De RCF NX serie, heeft daar al iemand wat van gehoord? Vooral de 'line-array' modules en de dubbel 15 bass en 21" sub? In de combi die ze bedacht hebben spreekt me aan, maar moet erbij zeggen dat ik het nog niet heb gehoord.

----------


## Watt Xtra

> Ik denk dat het -om de geluids- druk/kwaliteit even links te laten liggen- te maken heeft met dat je dan een ge!le stapel boxen hebt staan. En eventueel de hoogte van de boxen. (en ja, daar heb je ook tussenpaaltjes voor, maar dat staat toch minder leuk)



 
Ooit wel eens gehoord van het woord, Flexibel??

Nou daarom wordt er vaak gekozen voor een kleiner, enkel kastje. Is de klus groter, zet je er een tweede bij. Heb je een klein klusje dan laat je er lekker eentje in de bus staan. A is lekker handzaam, B het staat niet zo lomp. C heb je er een aantal dan kun je zomaar verschillende klusjes doen. 

Als je hele grote sets wegzet dan is het idd makkelijker om met dubbel 18" laagkasten aan te komen, scheelt je gewoonweg stapelen en werk. Maar dan kom je meestal met een groter transport middel en boeit het ook niet.

Ik heb zelf nu 12 enkele 18" kasten, ik heb er nog nooit spijt van gehad dat ik geen dubbel 18" kasten heb. Je bent gewoonweg veel flexibeler.

----------


## 4AC

> Ooit wel eens gehoord van het woord, Flexibel??
> 
> Nou daarom wordt er vaak gekozen voor een kleiner, enkel kastje. Is de klus groter, zet je er een tweede bij. Heb je een klein klusje dan laat je er lekker eentje in de bus staan. A is lekker handzaam, B het staat niet zo lomp. C heb je er een aantal dan kun je zomaar verschillende klusjes doen. 
> 
> Als je hele grote sets wegzet dan is het idd makkelijker om met dubbel 18" laagkasten aan te komen, scheelt je gewoonweg stapelen en werk. Maar dan kom je meestal met een groter transport middel en boeit het ook niet.
> 
> Ik heb zelf nu 12 enkele 18" kasten, ik heb er nog nooit spijt van gehad dat ik geen dubbel 18" kasten heb. Je bent gewoonweg veel flexibeler.
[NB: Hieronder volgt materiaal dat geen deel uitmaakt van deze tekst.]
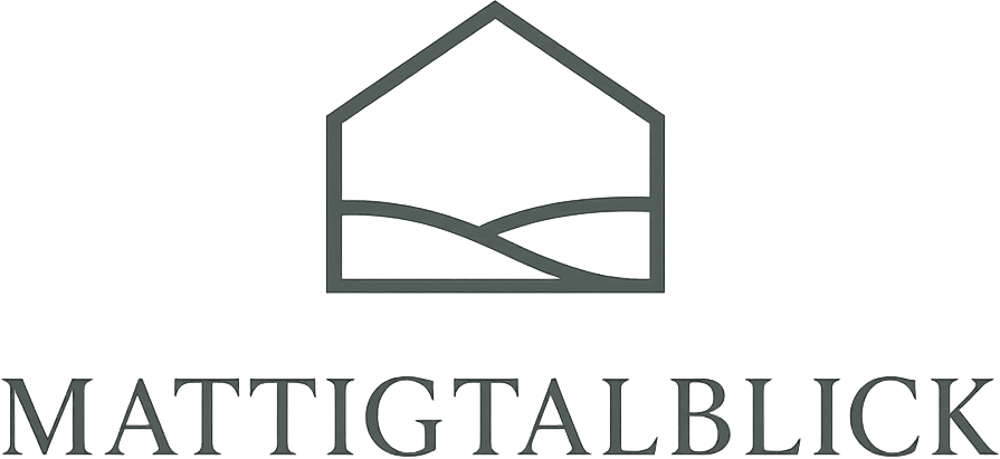 Logo mit Hausumriss und stilisierten Hügeln, darunter der Text „MATTIGTALBLICK“.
Volgens mij reageer je op de verkeerde- of je snapt het niet... We zijn het met elkaar eens namelijk.

----------


## frederic

> Even wat anders...
> 
> De RCF NX serie, heeft daar al iemand wat van gehoord? Vooral de 'line-array' modules en de dubbel 15 bass en 21" sub? In de combi die ze bedacht hebben spreekt me aan, maar moet erbij zeggen dat ik het nog niet heb gehoord.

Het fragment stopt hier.